If you're about to file for bankruptcy, your credit reports may have some dents due to late payments or discharged accounts. After bankruptcy, however, your credit scores are expected to improve within six months.
What about filing for bankruptcy myself?
It is recommended to hire an attorney before filing for bankruptcy. There are numerous moving parts, and one small error in a clerical record could cause your case to be dismissed.
How long does it take to file bankruptcy?
There are many steps when filing for bankruptcy however with the assistance of a competent bankruptcy lawyer you can finish the process within six months.
Do bankruptcy filings ruin my credit?
When you're ready to file bankruptcy, your credit files may have a few scratches from late payments or discharged accounts. Following a bankruptcy discharge however, your credit scores are expected to improve within six months.
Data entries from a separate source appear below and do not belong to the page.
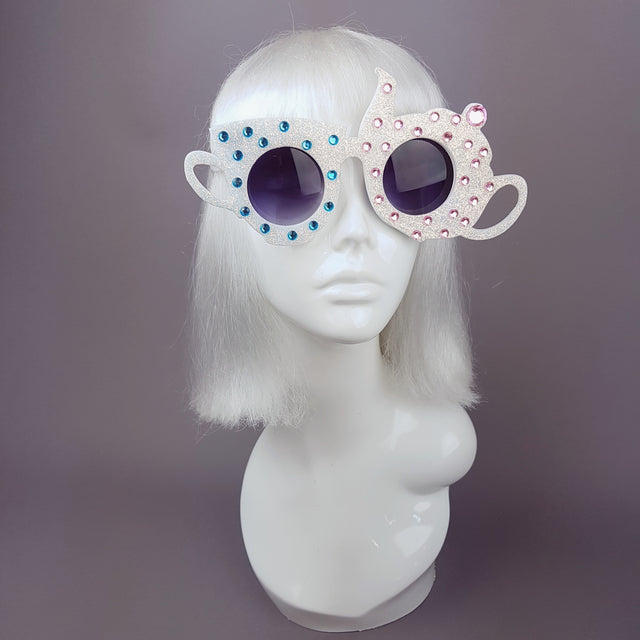 "The Mad Hatters Tea Party" Teapot & Teacup Sunglasses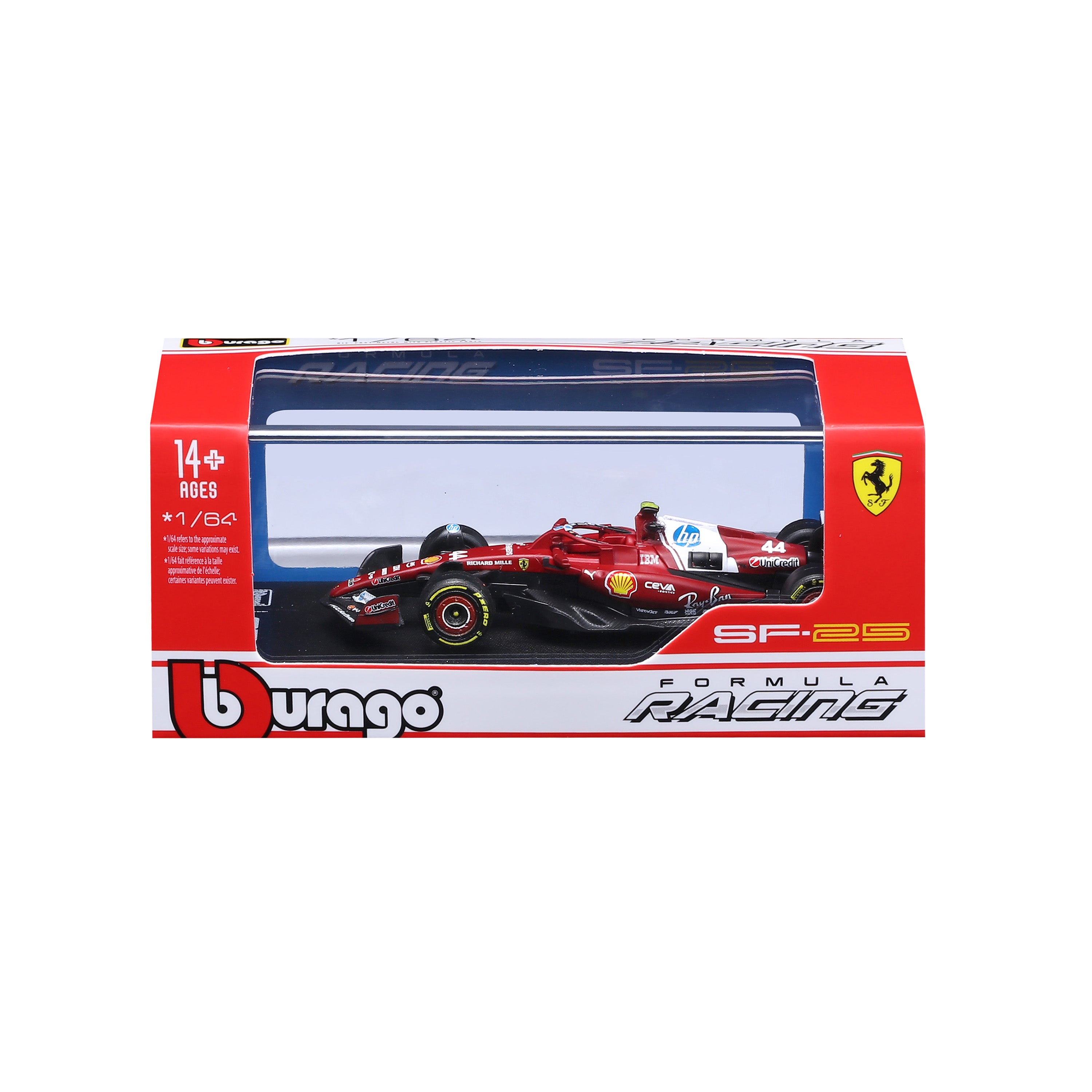 bburago-ferrari-f1-sf-25-44-hamilton-2025-1-64-con-teca-die-cast image 7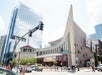 The outside of the Hall of Fame and Museum and the corner of 5th Avenue South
What is the best way to file bankruptcy myself?
You should hire an attorney when you are filing for bankruptcy. It is because bankruptcy has numerous moving parts, and one tiny clerical mistake could cause your case to be dismissed.
How long will the process take for filing for bankruptcy?
There are a variety of steps to take in filing bankruptcy however with the assistance of a certified bankruptcy lawyer you can complete the process in six months.
The author's bio: Sean Pyles is the executive producer and host of NerdWallet's Smart Money podcast. His work has been published on The New York Times, USA Today and elsewhere.